● WHAT TO PRODUCE:
Please transcribe the data below exactly. Leave the pictures out.

● Web page caption snippets:

□ □ □ □ □ □ □

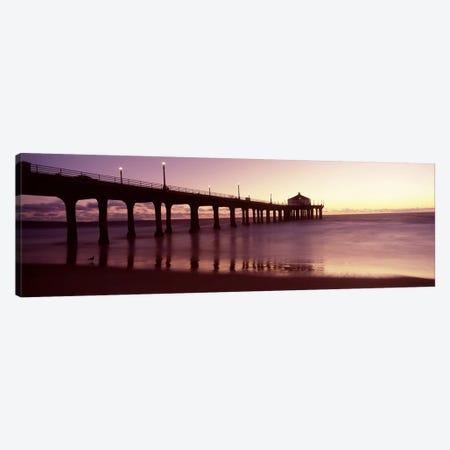 Silhouette of a pier, Manhattan Beach Pier, Manhattan Beach, Los Angeles County, California, USA Canvas Print #PIM8936} by Panoramic Images Canvas Wall Art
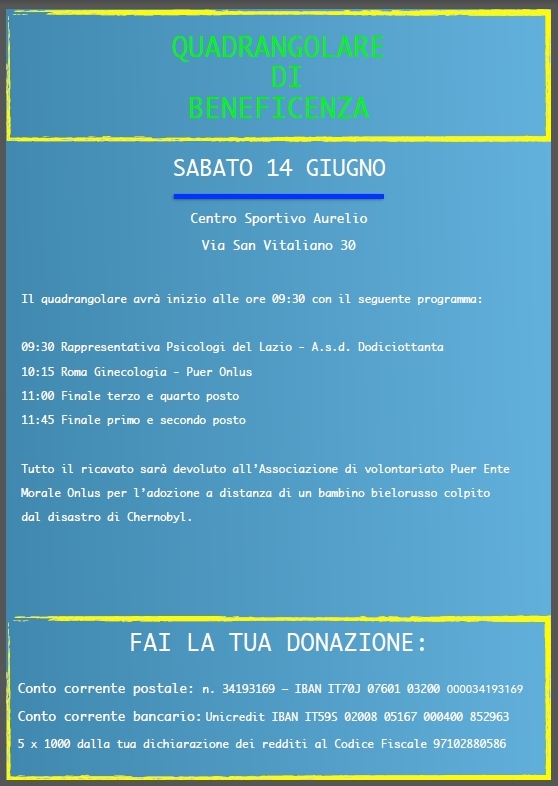 Un calcio per beneficenza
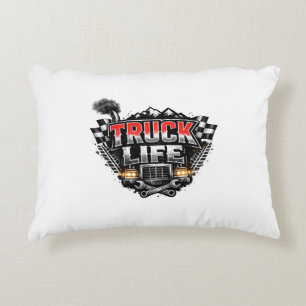 LKW Leben Grunge Abgenutzt Chrom Rot Trucker Mütze Dekokissen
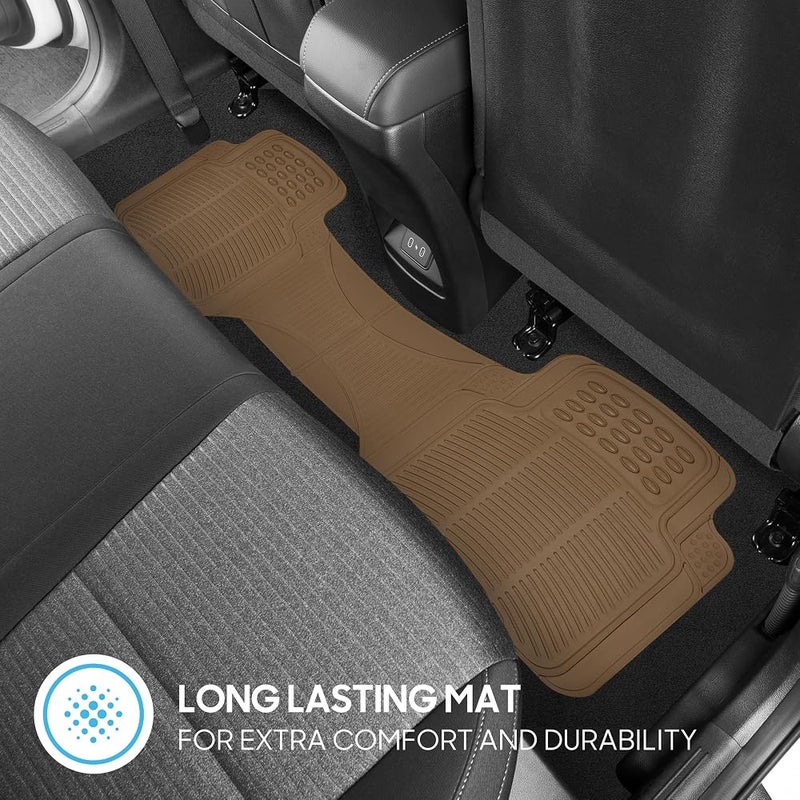 BDK ProLiner Floor Mats for Cars Trucks SUV, Beige 3-Piece Heavy Duty Car Mats with Universal Fit Design, All Weather Car Floor Liners - Image 3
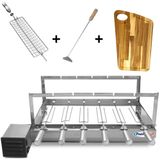 Kit Gira Grill  6 Espetos + Espeto Grelha + Espalha Carvão + Tábua De Carne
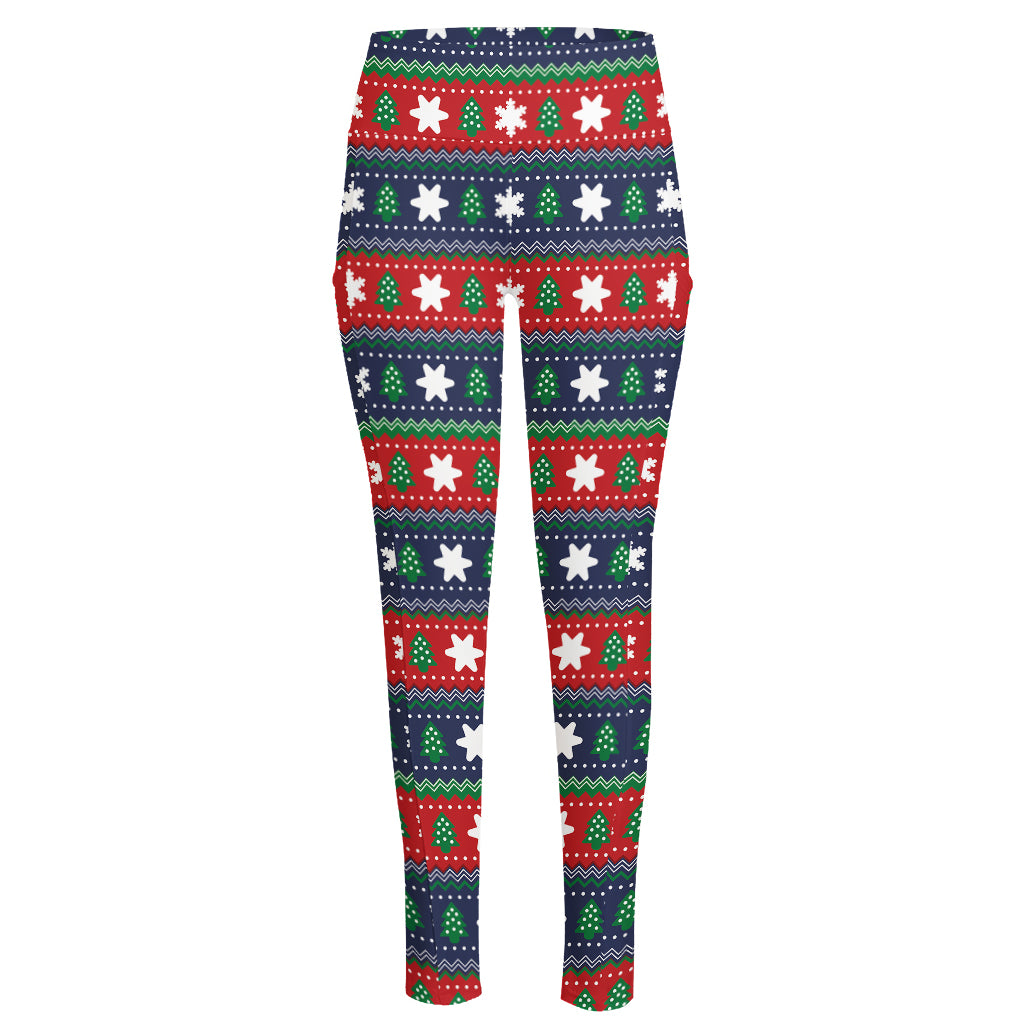 Scandinavian Christmas Pattern Print High-Waisted Pocket Leggings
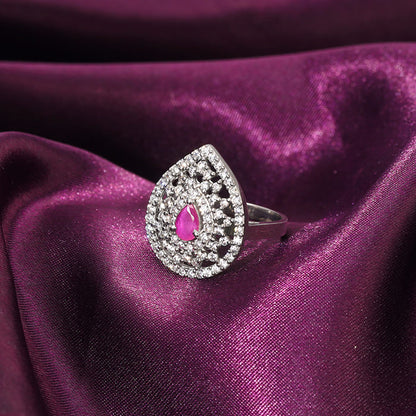 Silver Opulent Teardrop Ring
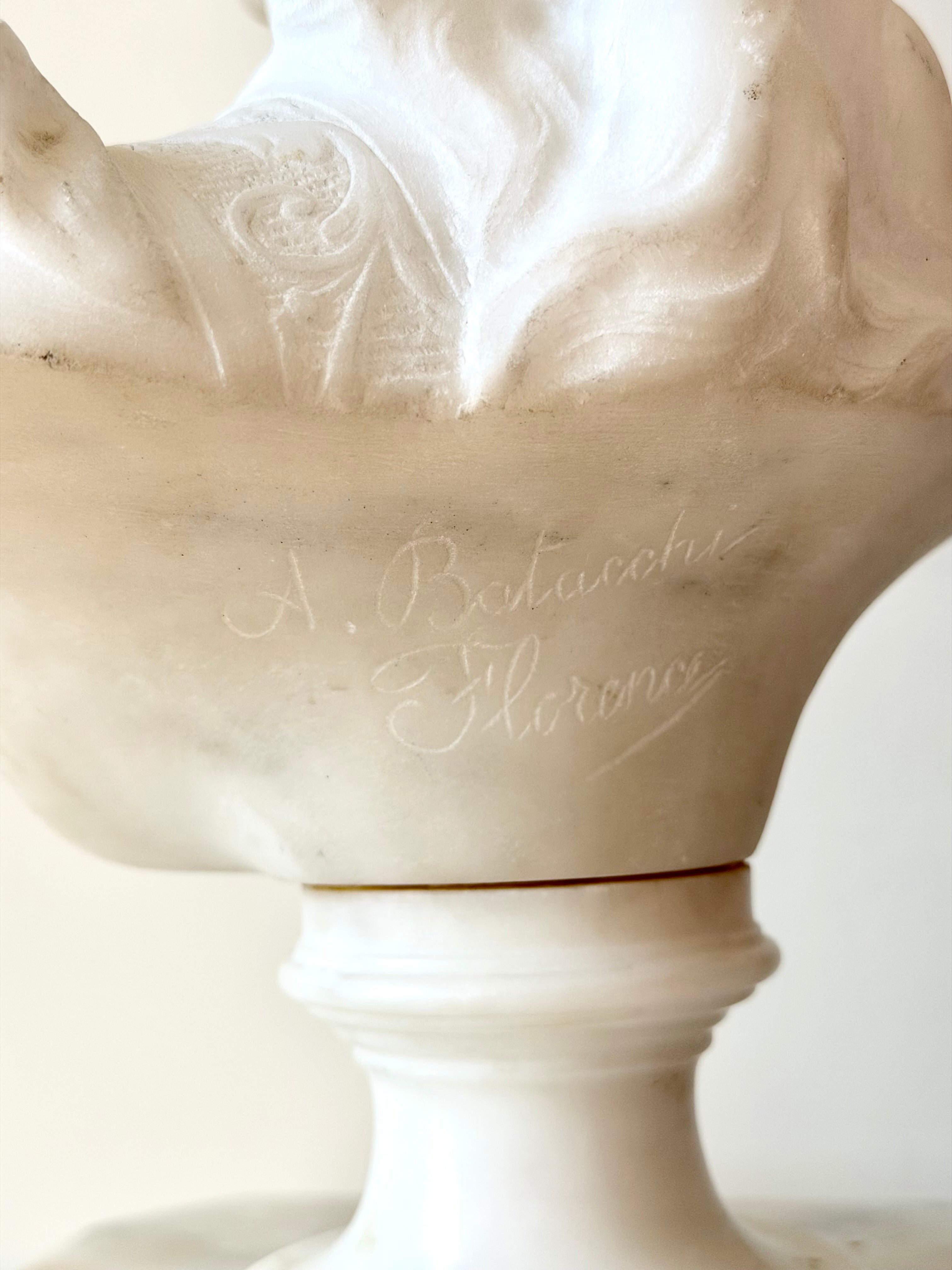Antique Florentine Alabaster Bust by A. Batacchi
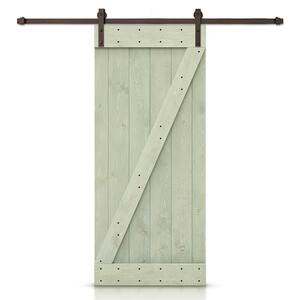 Z Bar Series 38 in. x 84 in. Solid Sage Green Stained DIY Pine Wood Interior Sliding Barn Door with Hardware Kit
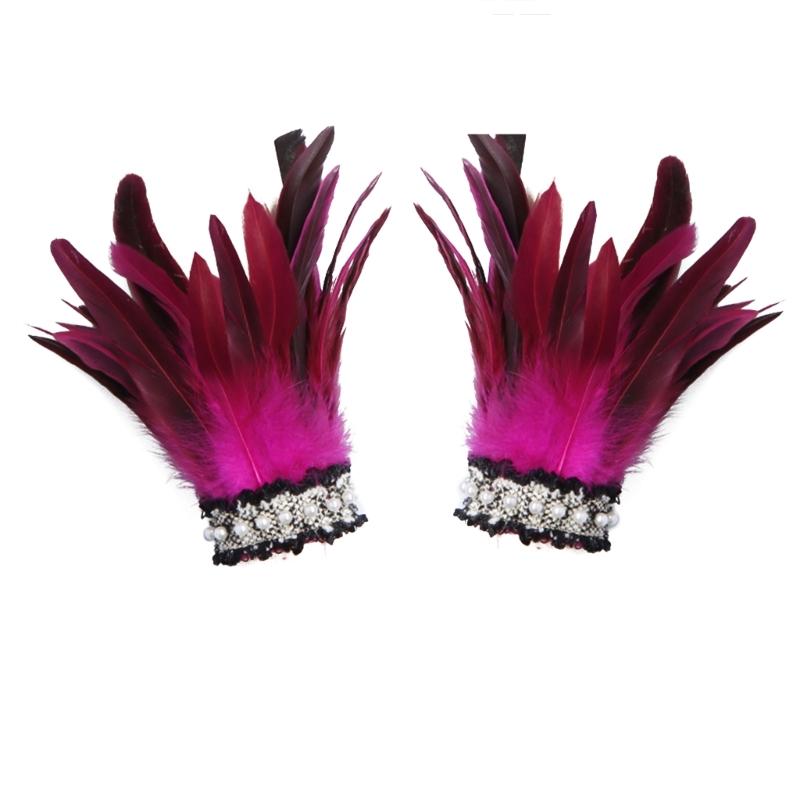 Women Natural Fur Feather Cuffs Sexy Cuffs With Feathers Feather Cuff Snap Bracelet Sleeves Wrist Arm Removable Shirt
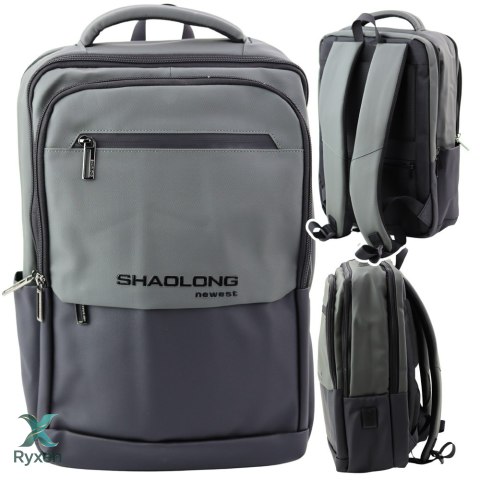 Plecak Miejski Biznesowy USB Kieszeń Na Laptopa Czarno Szary 16L 41cm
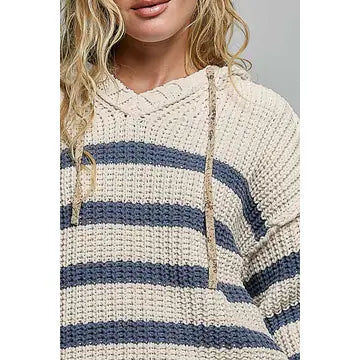 Hoodie V-Neck Striped Stitch Chenille Sweater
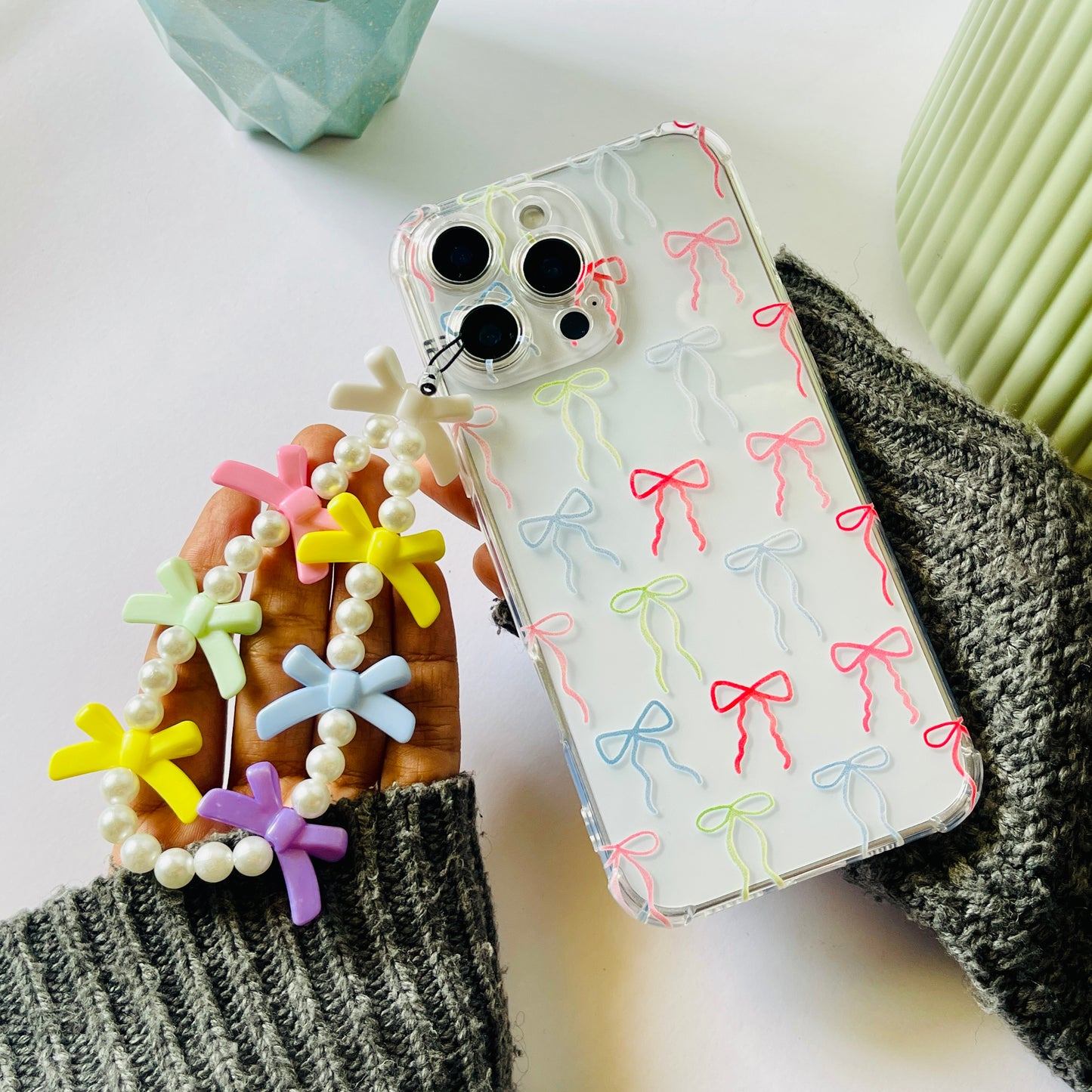 Multicolor Bows Clear Phone Case With Phone Charm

□ □ □ □ □ □ □

● RESULT OF THE TASK:
 Silhouette of a pier, Manhattan Beach Pier, Manhattan Beach, Los Angeles County, California, USA Canvas Print #PIM8936} by Panoramic Images Canvas Wall Art
 Un calcio per beneficenza
 LKW Leben Grunge Abgenutzt Chrom Rot Trucker Mütze Dekokissen
 BDK ProLiner Floor Mats for Cars Trucks SUV, Beige 3-Piece Heavy Duty Car Mats with Universal Fit Design, All Weather Car Floor Liners - Image 3
 Kit Gira Grill  6 Espetos + Espeto Grelha + Espalha Carvão + Tábua De Carne
 Scandinavian Christmas Pattern Print High-Waisted Pocket Leggings
 Silver Opulent Teardrop Ring
Antique Florentine Alabaster Bust by A. Batacchi
 Z Bar Series 38 in. x 84 in. Solid Sage Green Stained DIY Pine Wood Interior Sliding Barn Door with Hardware Kit
 Women Natural Fur Feather Cuffs Sexy Cuffs With Feathers Feather Cuff Snap Bracelet Sleeves Wrist Arm Removable Shirt
 Plecak Miejski Biznesowy USB Kieszeń Na Laptopa Czarno Szary 16L 41cm
 Hoodie V-Neck Striped Stitch Chenille Sweater
 Multicolor Bows Clear Phone Case With Phone Charm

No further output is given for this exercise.